On May 31, 1279 BC, the greatest, most powerful, most famous pharaoh of Ancient Egypt, Ramesses II, took the throne. He was also an expert in self-promotion and ran a marketing campaign for his personal brand that was, in many ways, like modern internet influencers.
He was 25 years old when he became pharaoh, but he had been serving as prince regent since the age of 14. He led several military expeditions into Syria, Nubia, and Libya, greatly increasing Egypt’s territory. He also commissioned monuments describing how he slew thousands of enemies single-handedly, defeating even entire armies without the aid of a single soldier on his side. In fact, one of his main pastimes seems to have been commemorating monuments to himself that claimed all kinds of preposterous things, making him seem like the single most powerful, wisest, most handsome person in all of history.

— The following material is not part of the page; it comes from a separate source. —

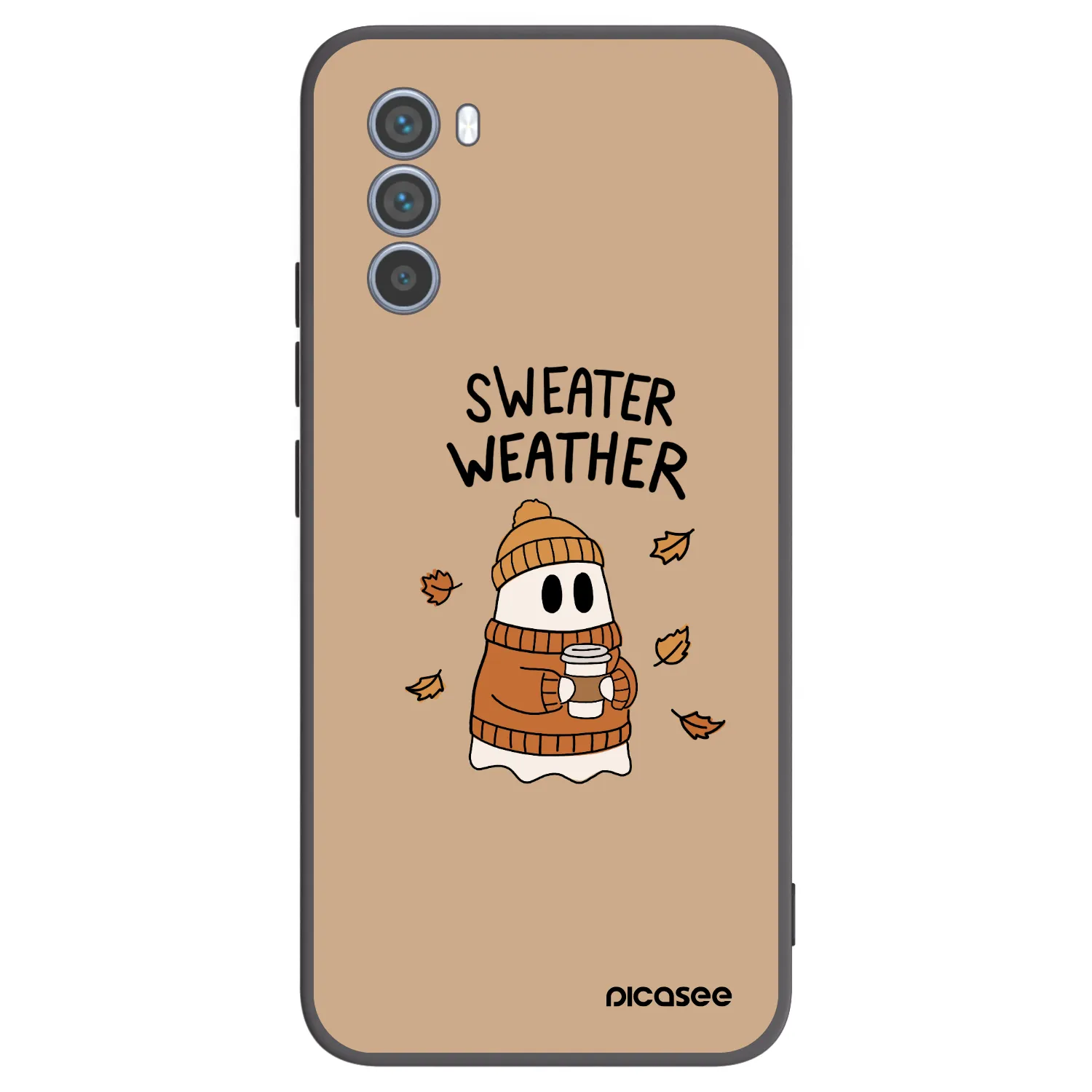 Picasee silikonowe czarne etui na Motorola Moto G62 - Sweater ghost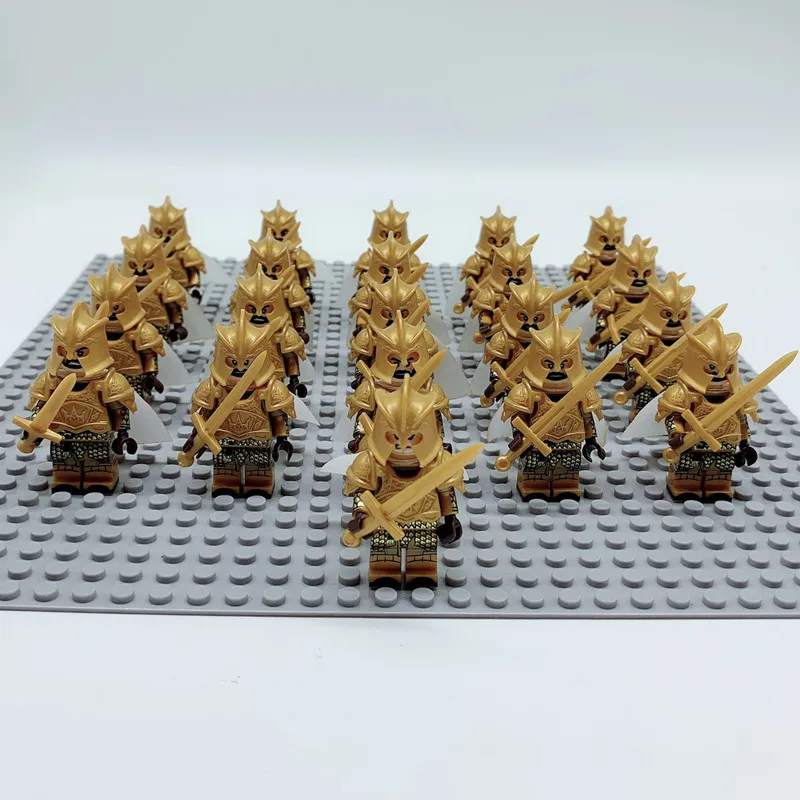21 шт. новая игра престолов MOC Ice and Fire серии Джейми Ланнистер Preston греческое поле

That isn’t to say that he didn’t have some impressive accomplishments in real life, though. He did lead his armies to many victories and built temples. He also founded the great city of Pi-Ramesses. Historians do regard him as one of the greatest pharaohs of the New Kingdom period of Ancient Egypt. However, much of what is known of him was discovered only recently.
Ramesses, or Ozymandias as he was also known, was unknown to modern historians before the nineteenth century. The first discovery of his reign was a fragment of a statue that bore a boast about his greatness and the size of his kingdom. For a long time, that was all that was known about him.
The poet Percy Bysshe Shelley even wrote about it:
“And on the pedestal these words appear:
“My name is Ozymandias, king of kings;
Look on my works, ye Mighty, and despair!”
Nothing beside remains. Round the decay
Of that colossal wreck, boundless and bare
The lone and level sands stretch far away.”
However, thanks to modern discoveries, more is now known about him than is known about most other pharaohs of Ancient Egypt.